Read: FLIP THROUGH THE OPENING NIGHT PLAYBILL FOR THREE TALL WOMEN ON BROADWAY
“I’d never heard of the play, I didn’t know anything about it,” Jackson says over coffee. “I did Who’s Afraid of Virginia Woolf? [in Los Angeles] when Albee directed it, and we didn’t get on. He is a very, very good writer. Very good.” She pauses. “Terrible director, in my opinion.”
This time around Jackson has a very good director indeed: Joe Mantello. And she’s spent the last year wrestling with the script, a dense, darkly funny conversation between three women about memories, aging, and self-deception in which there is virtually no onstage action and yet almost everything about the human experience is discussed and dissected. The show is a non-stop talkfest for three women who must be at the top of their game.

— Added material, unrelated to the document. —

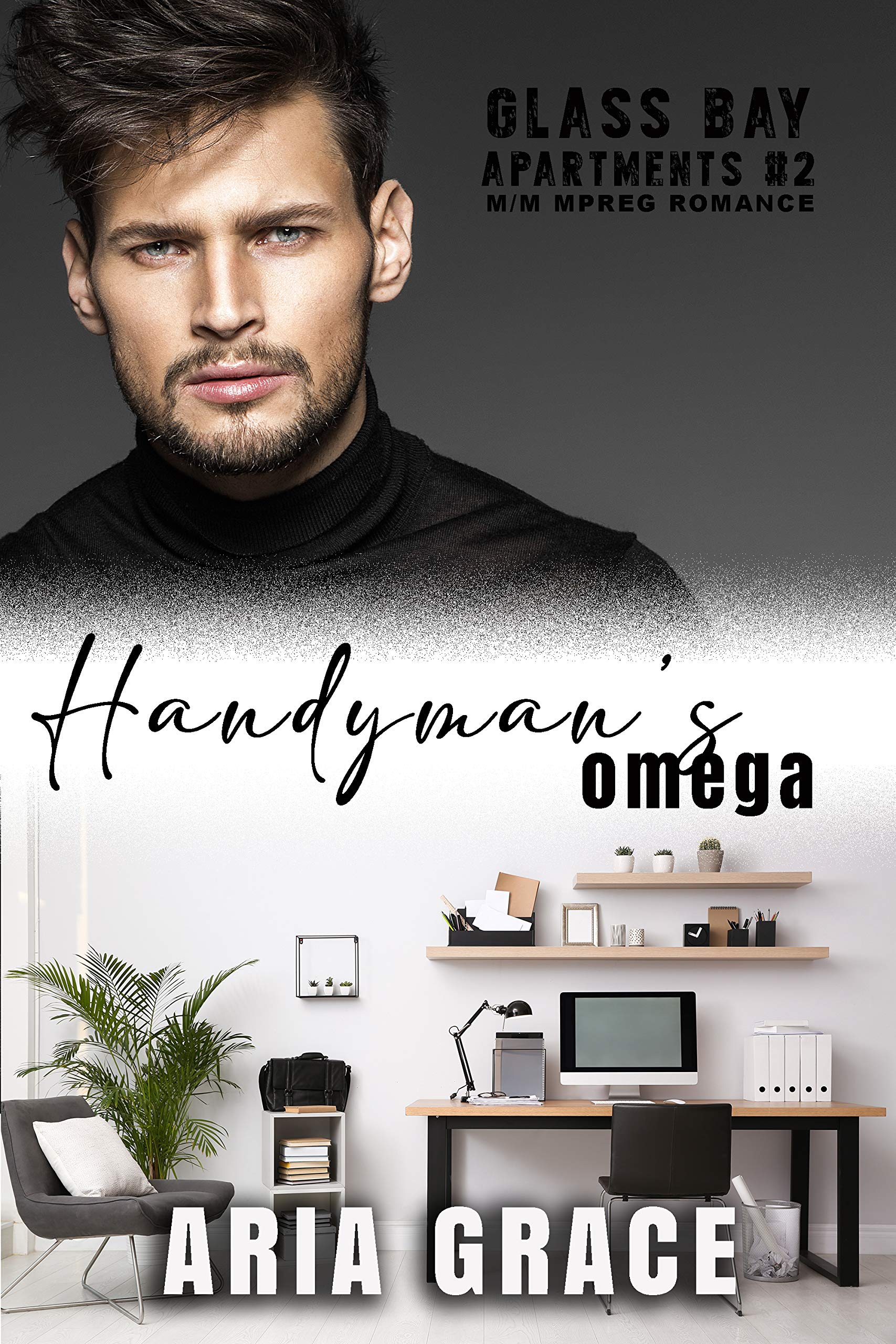 Glass Bay Apartments book cover 2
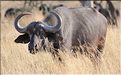 Les buffles du Serengeti. (15)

“I’ve sat with that script for almost a year and I haven’t had any voice to hear but my own,” Jackson says with a wry laugh, a few days before rehearsals began. “And people say to me, ‘Have you learned it? Have you learned it?’ And I said, ‘Well, I’ve learned—I hope—my lines, but I don’t know the cues, and if I don’t have the other voices I don’t know what to do.’ If you don’t have those other voices, it begins to lose its energy. I mean, you’re just looking at printed words on a page, which is dangerous.”
So does Jackson still get nervous? “Of course,” she says. “The really frightening thing is if you don’t feel frightened. If you don’t feel frightened, what the hell is the matter with you?”